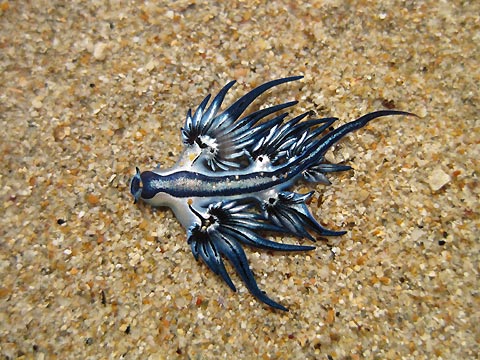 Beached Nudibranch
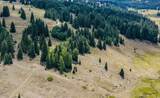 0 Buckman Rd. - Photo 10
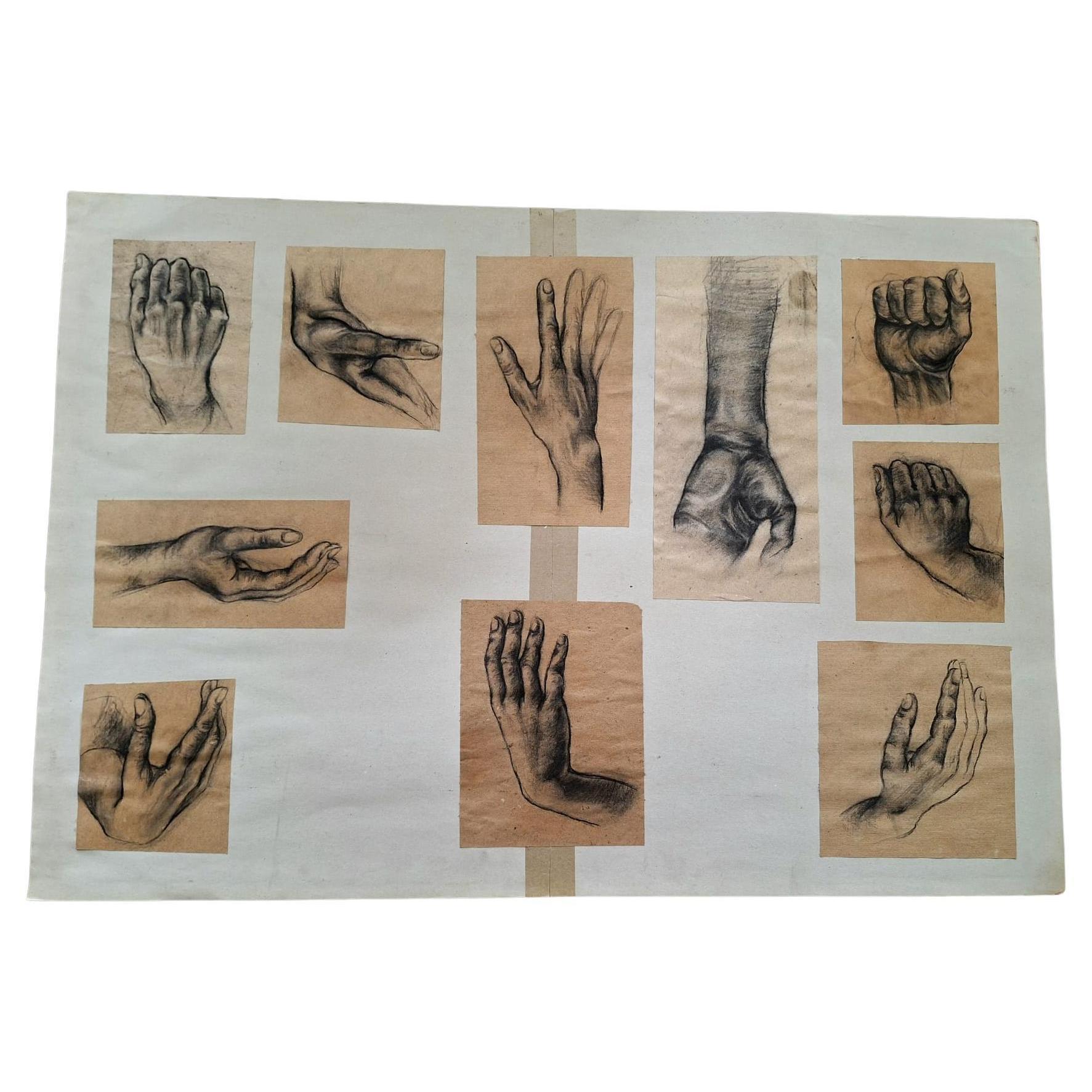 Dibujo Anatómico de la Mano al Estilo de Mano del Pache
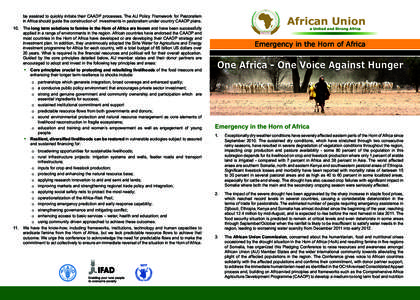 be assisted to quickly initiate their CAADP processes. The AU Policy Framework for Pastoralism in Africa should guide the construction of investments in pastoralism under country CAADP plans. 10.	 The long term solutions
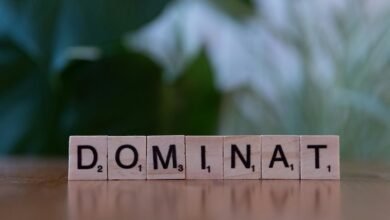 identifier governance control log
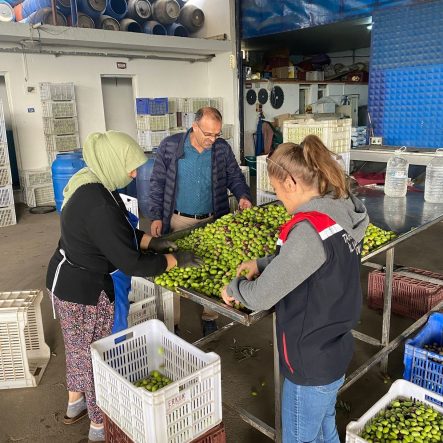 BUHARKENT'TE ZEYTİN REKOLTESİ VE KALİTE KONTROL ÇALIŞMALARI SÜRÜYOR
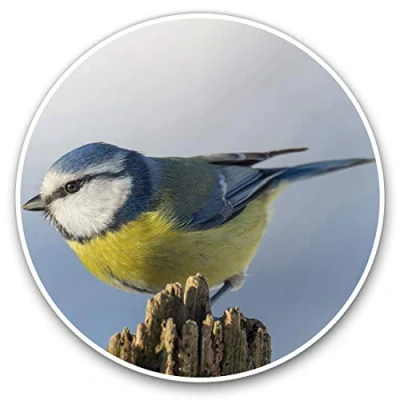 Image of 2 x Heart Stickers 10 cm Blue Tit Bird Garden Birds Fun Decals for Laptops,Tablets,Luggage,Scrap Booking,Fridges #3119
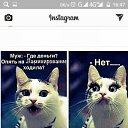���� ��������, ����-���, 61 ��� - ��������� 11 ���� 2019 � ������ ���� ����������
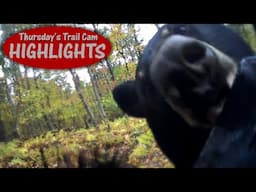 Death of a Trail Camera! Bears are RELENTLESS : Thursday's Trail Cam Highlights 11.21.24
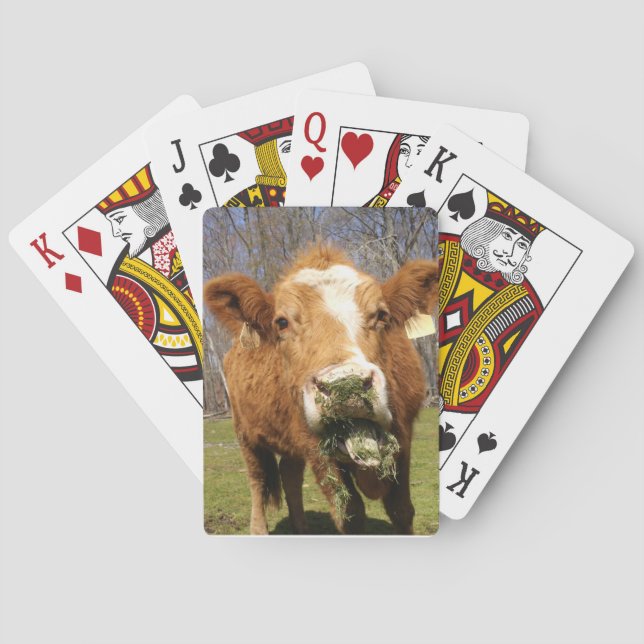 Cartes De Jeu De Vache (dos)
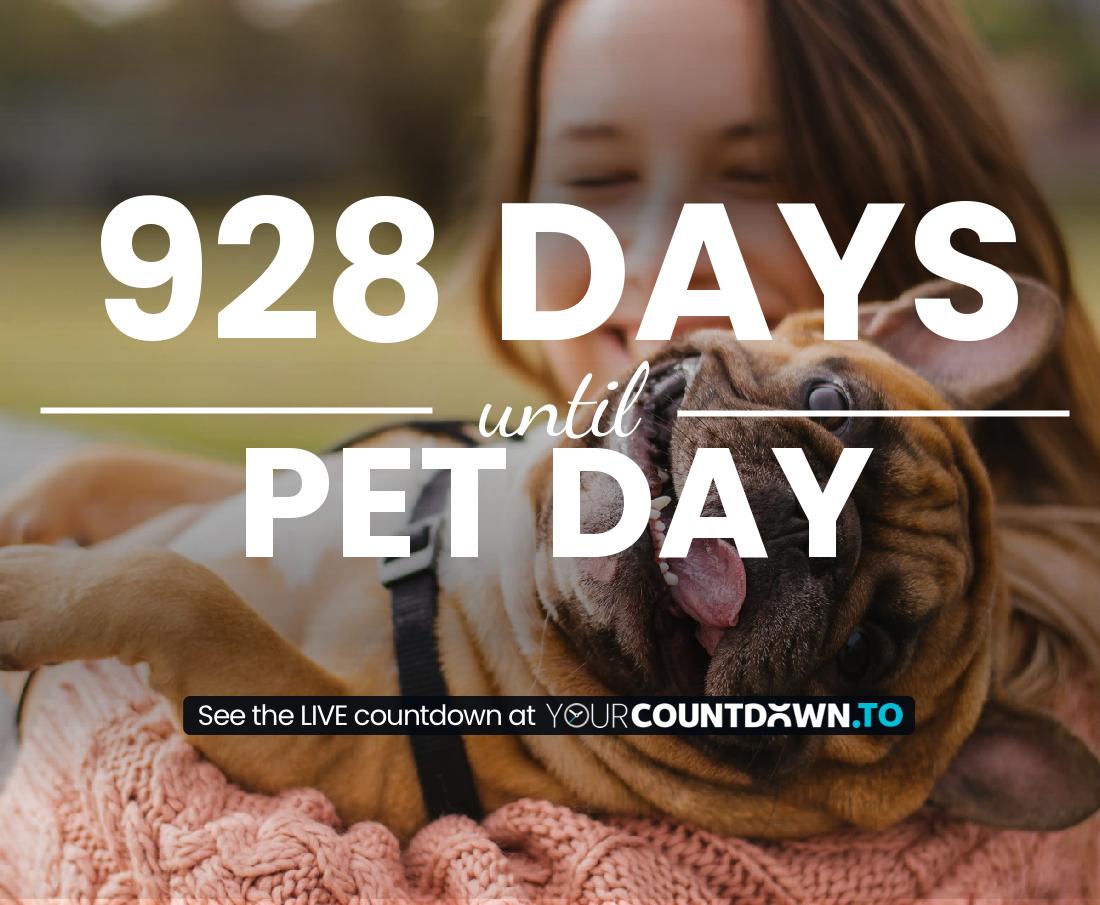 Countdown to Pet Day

○ ○ ○ ○ ○

§ What needs to be done
Only the lines from the one containing "identifier governance control log" through the final line of the data are to be written out, exactly as they stand and without pictures.

§ Final answer
 identifier governance control log
 BUHARKENT'TE ZEYTİN REKOLTESİ VE KALİTE KONTROL ÇALIŞMALARI SÜRÜYOR
 Image of 2 x Heart Stickers 10 cm Blue Tit Bird Garden Birds Fun Decals for Laptops,Tablets,Luggage,Scrap Booking,Fridges #3119
���� ��������, ����-���, 61 ��� - ��������� 11 ���� 2019 � ������ ���� ����������
 Death of a Trail Camera! Bears are RELENTLESS : Thursday's Trail Cam Highlights 11.21.24
 Cartes De Jeu De Vache (dos)
 Countdown to Pet Day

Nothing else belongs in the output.